“The Republicans won’t budge on Energy and Climate Legislation,” said Axelrod.
“We don’t have the votes for cap-and-trade,” said Jarrett.
“It’s a *&#*#ing lost *@!*^ing cause,” echoed Rahm.
These words replay in the president’s head as he makes his way along the colonnade from the frenzied Oval Office. Columns cast narrow bars of shade onto the walkway, piercing tender sunlight with frigid gloom. Warm, cool, warm, cool. Finally, the president steps softly into the Rose Garden, welcomed by unhindered, absolute warmth. Seeking solace from legislative matters, he approaches the White House’s most sturdy olive tree. In a moment of silent scholasticism he studies the old tree’s curves, its sturdy boughs and the way the light plays upon its shy green leaves. And then, reaching carefully, he plucks a large olive branch from the tree. He holds it in his large hands and examines it.
“A peace offering,” he thinks, “I shall present a nuclear power plan to the Republicans.” So, on Feb. 16, President Obama offered the substantial olive branch to Republicans.

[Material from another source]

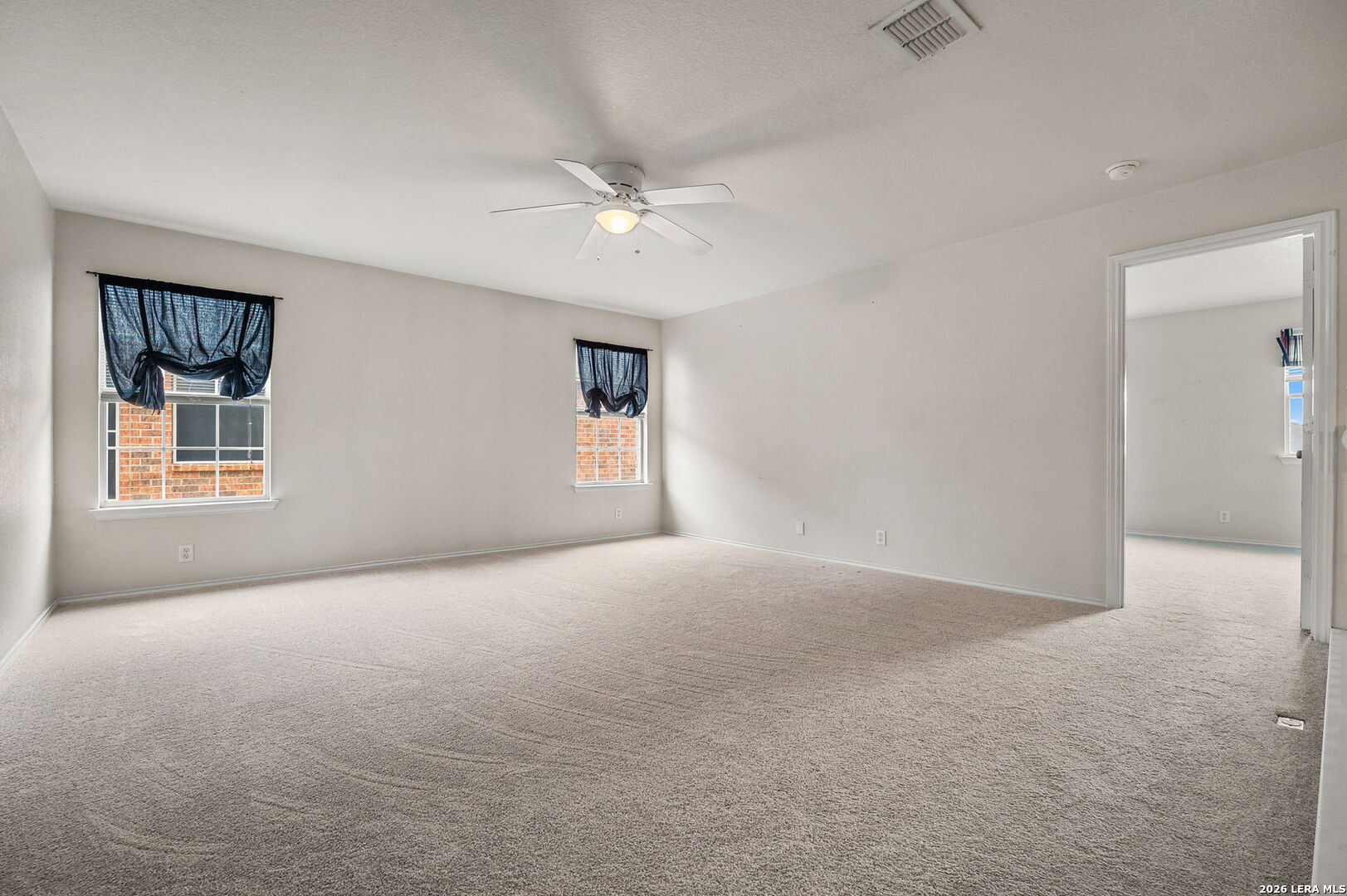 7207 Avery Road Live Oak, TX 78233 - Photo 19 of 32 an empty room with windows and ceiling fan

He explained his drastic plan to “break ground on the first new nuclear plant in our country in three decades.” Infuriating his environmental base, but hoping for encouragement and support from nuclear-loving Republicans, Obama was instead met with hostility from both sides. Republican Governor Mark Sanford of South Carolina called the decision “spectacularly misguided.” Greenpeace issued a statement saying that the plan is “a dirty and dangerous distraction from the clean energy future the president promised America.”

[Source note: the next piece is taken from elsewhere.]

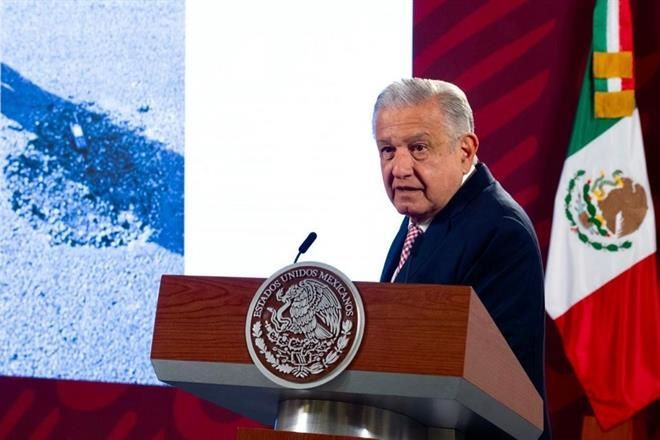 AMLO dice que en AICM hubo bache, no cráter, y tunde a T2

Disheartened at the doggedness of Republicans and upset at the Democratic backlash, Obama quit the Oval Office again, this time, with a frustrated gait. The shade cast by the colonnades was longer. Hot, cool, hot, cool. When he stepped into the Rose Garden, the olive tree appeared weaker, with fewer branches, its stature diminished.
The president approached hurriedly, reached high and plucked an even larger olive branch from the tree. He held it in his large hands and examined it.

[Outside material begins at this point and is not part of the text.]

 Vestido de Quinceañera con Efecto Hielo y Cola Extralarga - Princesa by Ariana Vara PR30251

A larger peace offering,” he thinks, “I shall offer the Republicans an offshore drilling proposal.” So, on March 31, President Obama offered the enormous olive branch to the Republicans. He explained, “Today we’re announcing the expansion of offshore oil and gas exploration … in the mid and south Atlantic and the Gulf of Mexico.” Again expecting support, the president was met with criticism. Republican Rep. John Boehner decried the act as not enough, saying, “It’s long past time for this Administration to stop delaying American energy production off all our shores.” The folks at Greenpeace were none too happy either, musing, “Is this President Obama’s clean energy plan or Palin’s ‘drill, baby, drill’ campaign?”
The shadows of the columns are stretched so long now. On the walk to the Rose Garden, sunlight is the exception, not the rule. The olive tree is impossibly feeble; another branch of appeasement will bring the whole thing down and the hopes of comprehensive energy and climate reform with it. Obama observes the poor demeanor of the tree; he empathizes with the wrecked thing. Suddenly he has a moment of enlightenment: Republican votes cannot be bought with meager olive branches; Republicans want the whole fucking tree, roots and all. In the case of an energy bill, it means opening all offshore drilling, it means pretending that “clean” coal is actually clean and it means setting a carbon cap above projected emission levels. Peace offerings did not produce a single Republican vote for Health Care Reform and they won’t for Energy and Climate. It’s time to focus on votes that can be picked up, not ones he must reach for.